Wednesday, 25 November 2015

brown butter loaf cake

I’ll always think of France when I think of brown butter, or beurre noisette - which literally translates to hazelnut butter. And let me tell you that I am truly, madly, deeply in love! That first nutty caramel aroma almost had me swooning! I kid you not - It really is that fabulous. One of my favourite cakes ever is Madeira cake, and this brown butter loaf tastes a bit like buttery Madeira cake with that distinct hint of caramel and vanilla. It’s light yet slightly dense and just delicious! I baked this during the middle of the night as I couldn’t sleep - which is why you’ll only see a slice on a plate and not a whole loaf. I’ve eaten about a quarter of it for a midnight snack and then breakfast.

With the exception of a yummy cake my bout of insomnia did turn out to be fruitful as I wrote a chapter of my novel and planned more recipes. And as is usually the case I am not totally loving what I’ve written in the harsh light of day, and will revisit the words later. The good thing is I’m writing properly again and am well and truly over my temporary creative tantrum when I decided to stop writing forever and burn everything. Reality isn’t quite as dramatic as I often imagine it and that’s the beauty of it. At least I can put it all down on paper – or tap it into a screen – though I have started actually writing bits on paper again, which I find really helpful. There’s something about putting pen to paper that’s so satisfying. Like reading a real book. I don’t think I’ll ever not read real book. The thought of reading an e-book terrifies me!

Anyway, enough of the rambling (I blame it on the sleeplessness and early morning coffee.) The science behind brown butter as you are creating the magic that is beurre noisette is simple and means that the water evaporates as the milk solids separate from the butter fat and only the fat remains in the pan. So for 100g of butter I’ll get around 80g of brown butter which is fine as it is more potent and is all fat.  As an aside don’t make the mistake of cooking up more butter for recipes to get more brown butter as you may end up using too much fat!
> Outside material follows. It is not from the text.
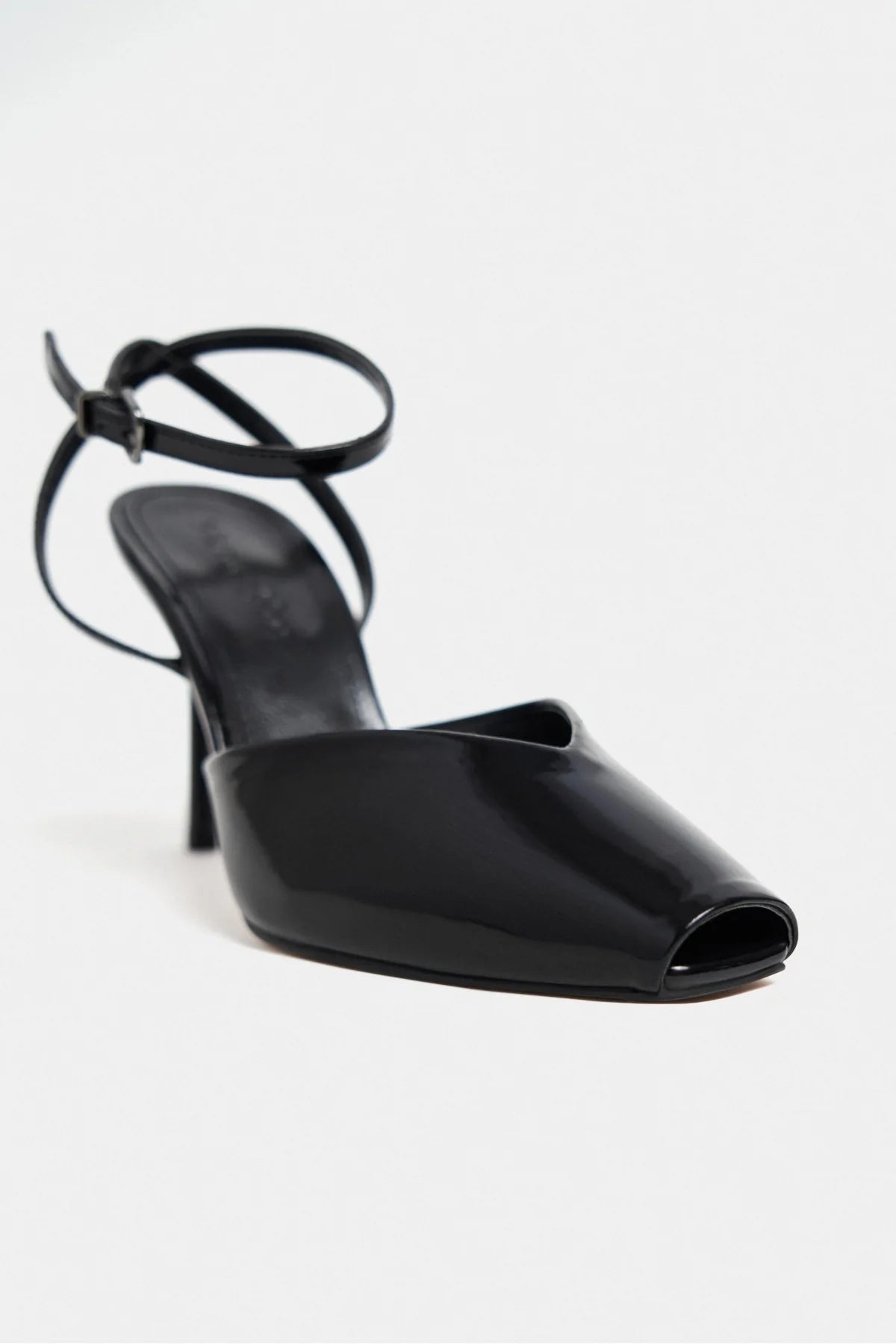 KAHLA Black Patent Leather Ankle Strap Open Toe Women’s Heel Shoes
Ingredients (makes 10 slices)
200g self-raising flour
2 medium free range eggs
1/3 tsp salt
100ml milk
100g butter
170g sugar
1tsp pure vanilla extract

To make the beurre noisette

In a small pan (preferably light coloured) heat butter on medium heat until it melts and bubbles. Stir occasionally and when the bubbles subside you will begin to smell a toasty nutty smell. Keep a close eye on the butter to prevent burning and once it turns a light brown turn off the heat. This process will take for 4-5 minutes.

There will be dark flecks at the bottom of the pan which all add flavour so don’t worry about straining or throwing away. Once done remove off the hot stove and reserve to cool slightly for about 10 minutes.

Pre-heat your oven as your butter is cooling to 190c or 170c (fan) /gas mark 5

For make cake batter

After the butter has cooled for about 10 minutes start the cake batter but whisking eggs with sugar and salt and then add the milk and vanilla extract. Make sure the milk is cold as this will help cool down the warm butter.

Into the milk, egg and sugar mix add half of your flour and mix before slowly whisking in about half of the melted butter. Once incorporated add the remaining flour and the rest of the butter and mix thoroughly until you have a smooth batter.

Pour the batter into a greased and lined loaf tin and bake 45-55 minutes, or until a cake tester/toothpick comes out clean. For best results let the cake cool completely before slicing.